5 Principles the New House Budget Committee Chairman Should Follow in the 2019 Budget

COMMENTARY Budget and Spending

5 Principles the New House Budget Committee Chairman Should Follow in the 2019 Budget

Feb 5, 2018 3 min read
COMMENTARY BY
Justin Bogie

Former Senior Policy Analyst in Fiscal Affairs

Justin Bogie was a senior policy analyst in fiscal affairs at The Heritage Foundation.
With fiscal 2018 appropriations yet to be finalized, Rep. Steve Womack finds himself in an uncertain position. Tom Williams/CQ Roll Call/Newscom

Key Takeaways

Taxpayers expect and deserve a transparent budget process to take place every year.

Womack should build on last year’s budget and recommend even greater savings in 2019.

Congress has less than two and a half months left to meet its statutory budget deadline for fiscal 2019. So Womack must work immediately at crafting his proposal.

Rep. Steve Womack of Arkansas was chosen last month to replace a fellow Republican, Rep. Diane Black of Tennessee, as chairman of the House Budget Committee. With fiscal 2018 appropriations yet to be finalized, Womack finds himself in an uncertain position.

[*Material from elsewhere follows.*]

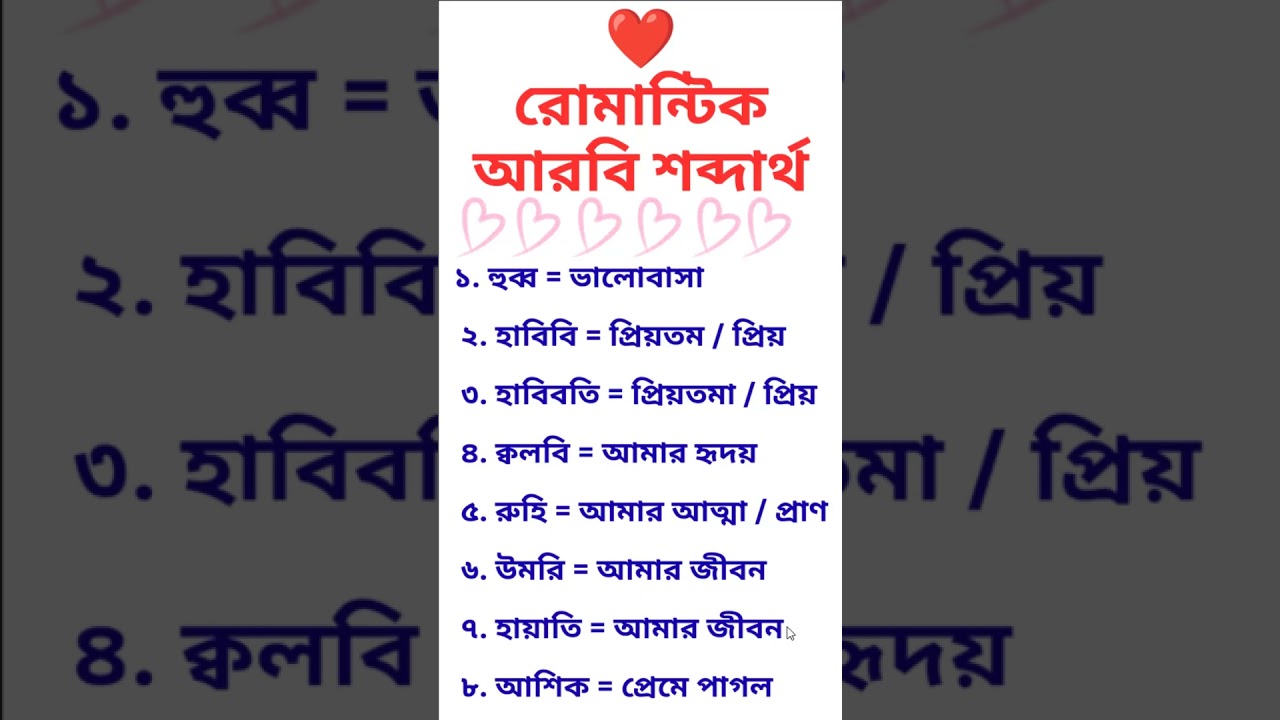 রোমান্টিক আরবি শব্দার্থ শিখুন - ‍Sayed Nuruzzaman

If a deal is reached to raise the Budget Control Act caps for 2019, some of his fellow Republicans might not want to do a budget. That would be a failure. While nonbinding, the budget resolution sets out important policy initiatives and paves the way for reconciliation, a powerful tool to making meaningful reform a reality.

Here are five principles that Womack should follow in his fiscal 2019 budget:

1. Release a fiscal 2019 budget resolution: Roll Call, a Capitol Hill newspaper, reports that Womack is considering skipping out on producing a budget resolution this year.

After Rep. Paul Ryan, R-Wis., became budget chairman in 2011, the committee released a budget resolution every year. The budget and appropriations process is one of the fundamental duties charged to Congress by the Constitution and mandated by the 1974 budget act.

Taxpayers expect and deserve a transparent budget process to take place every year. If the House fails to produce a budget this year, it will only deepen the dysfunction that currently rules federal spending.

2. Balance in 10 years: The federal debt is currently more than $20.6 trillion and projected to rise by at least another $10 trillion in the coming decade. Now more than ever, Congress must pass a budget that balances in 10 years.

 Doing so will require bold reforms, however, and abandoning that goal will lead to more spending and hasten the path toward impending fiscal disaster.

3. Implement mandatory reforms through reconciliation: Reconciliation is perhaps the most powerful legislative tool available to Congress. It allows legislation to pass the Senate by a simple majority vote, instead of the 3/5 vote threshold. Late last year, it was used to pass the most meaningful tax reform package in decades. However, reconciliation cannot proceed without a budget resolution.

Mandatory spending programs are the biggest drivers of the federal debt. The fiscal 2018 House budget called for more than $200 billion in mandatory savings through reconciliation (which were ultimately removed by the Senate).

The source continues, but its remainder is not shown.